===== Material for the task =====
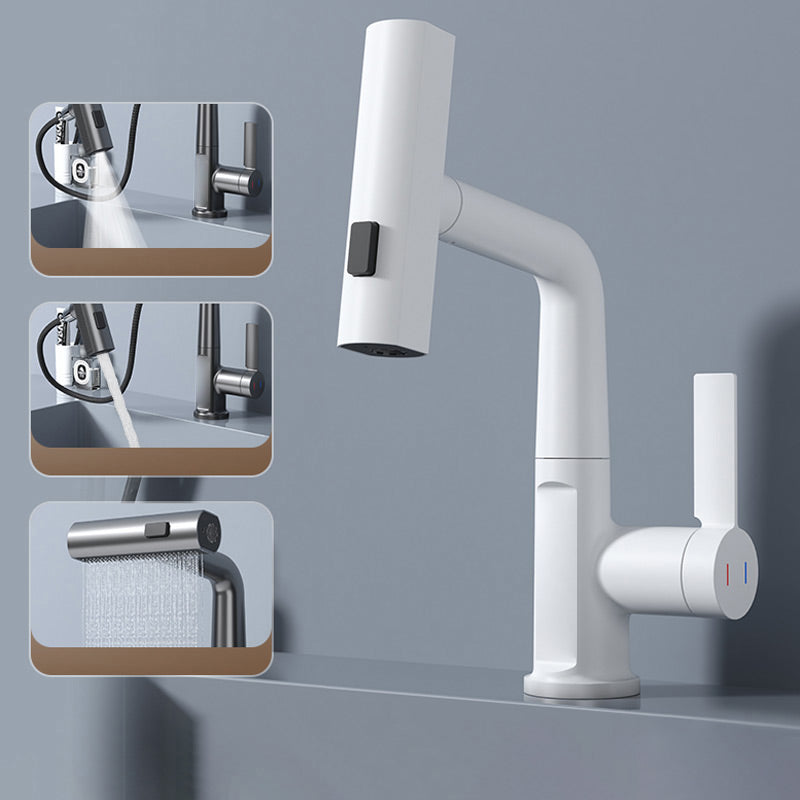 Intelligent digital display pull-out faucet
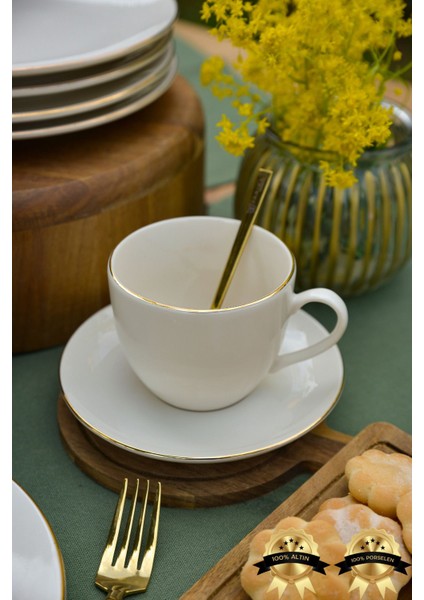 Altın Yaldız Detaylı 4'lü Porselen Çay Fincan Takımı, Şıklık ve Zerafet Sağlar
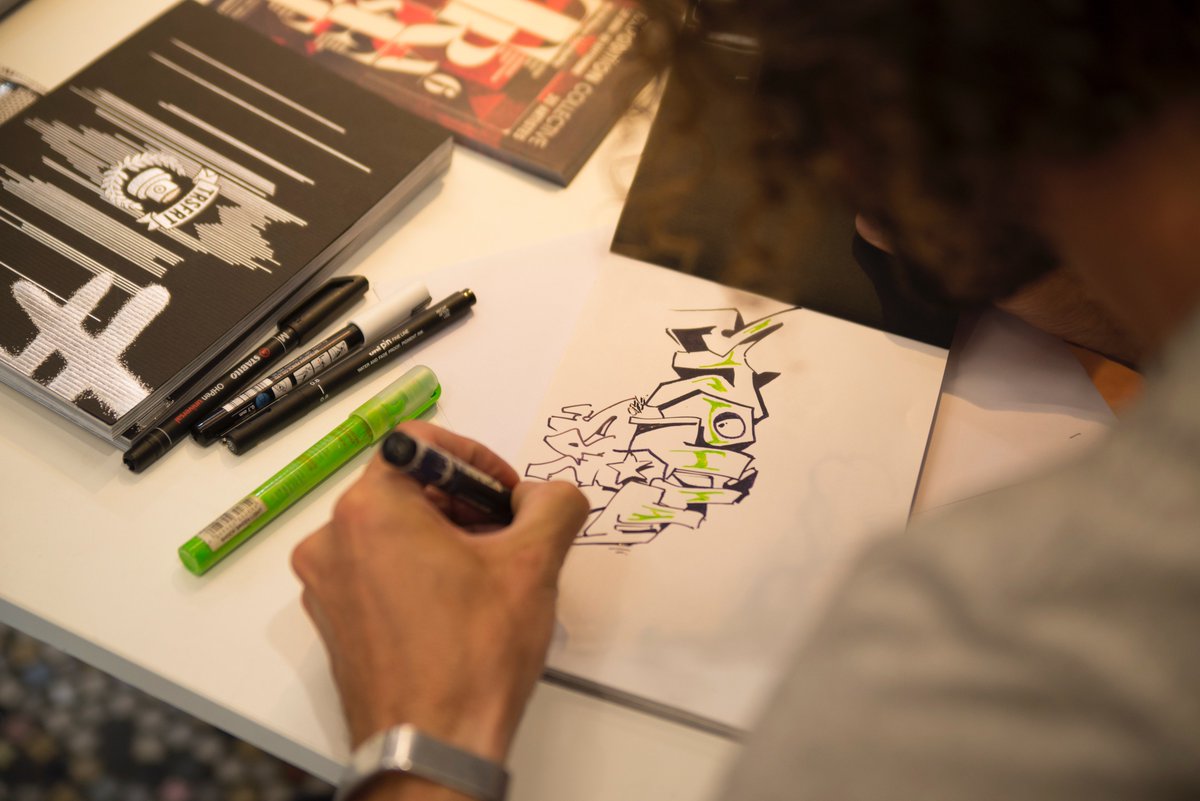 EXPOTRANSFERT's tweet photo. Samedi 17 septembre, 15h - 18h : dédicaces du livre TRSFRT# à la librairie Georges de Talence ! ✒️📕✌🏽 https://t.co/idiHtujAV2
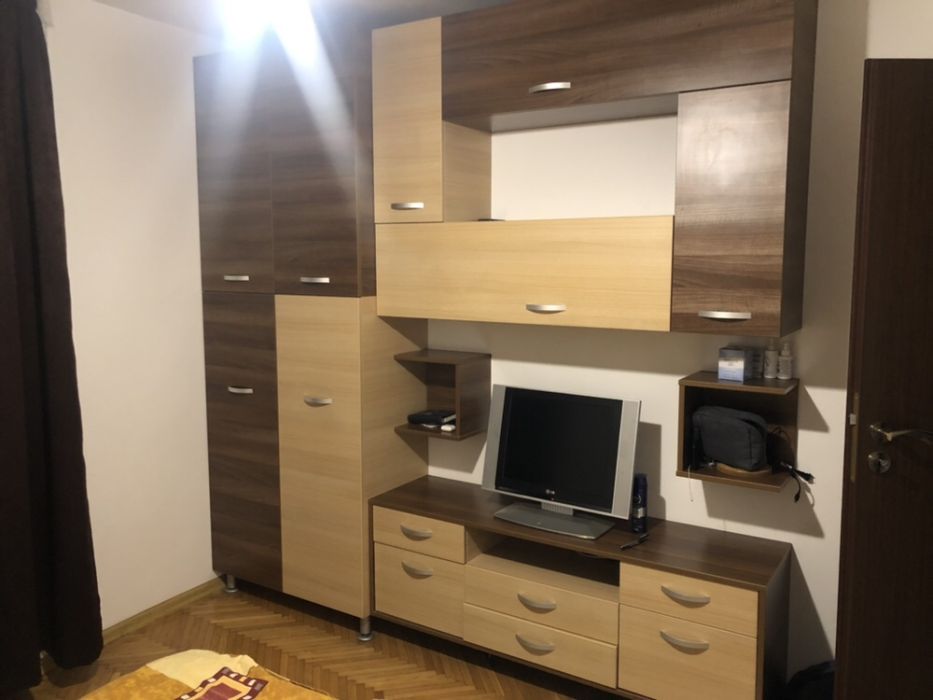 Apartament cu 3 camere in Cartierul Zorilor,modern utilat plus garaj!!
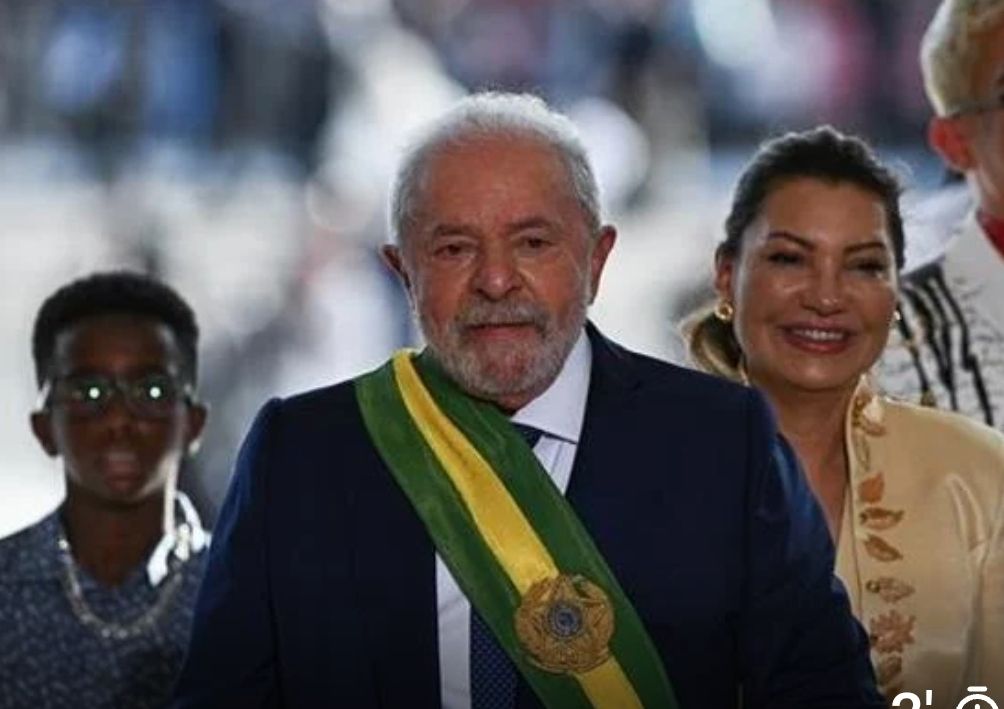 Lula llora durante su investidura en Brasil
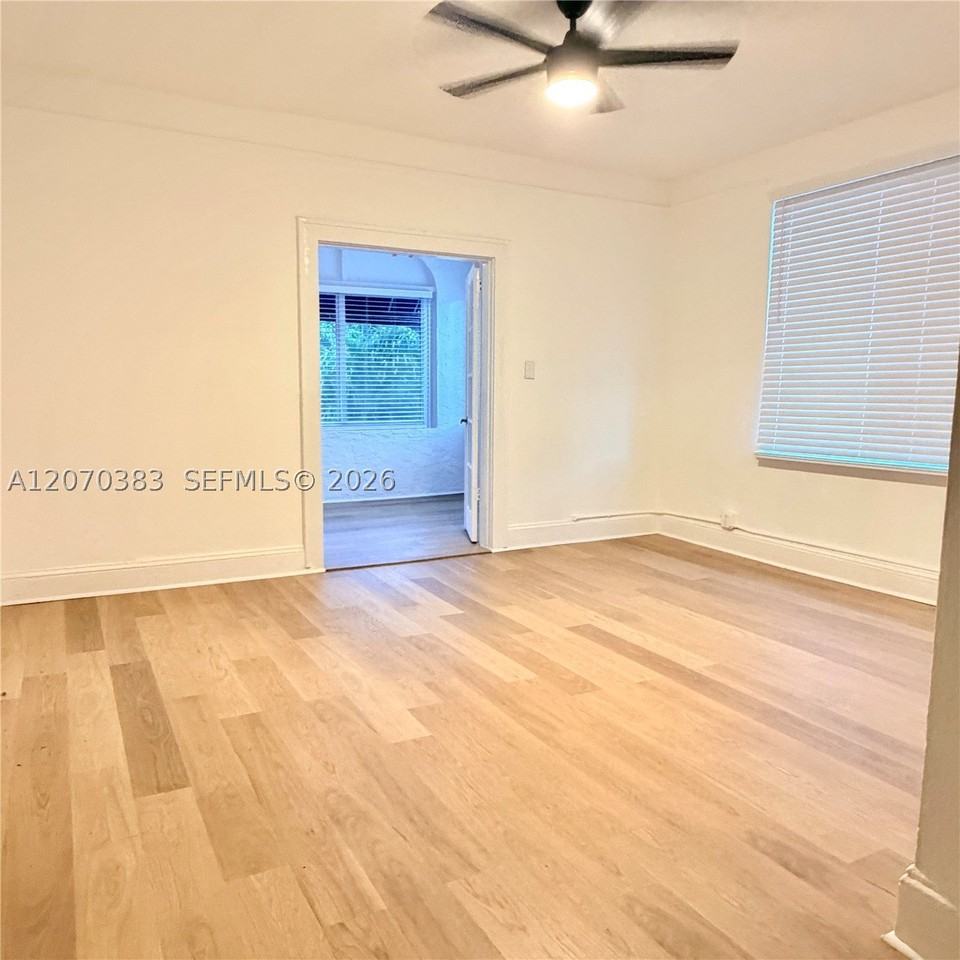 3433 Garden Ave #10 - Photo 3 of 13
=====
Exercise objective
With the pictures omitted, set down each line exactly, starting at the first line of the records above and ending with the line that contains "EXPOTRANSFERT's tweet photo.".

Written response
 Intelligent digital display pull-out faucet
 Altın Yaldız Detaylı 4'lü Porselen Çay Fincan Takımı, Şıklık ve Zerafet Sağlar
 EXPOTRANSFERT's tweet photo. Samedi 17 septembre, 15h - 18h : dédicaces du livre TRSFRT# à la librairie Georges de Talence ! ✒️📕✌🏽 https://t.co/idiHtujAV2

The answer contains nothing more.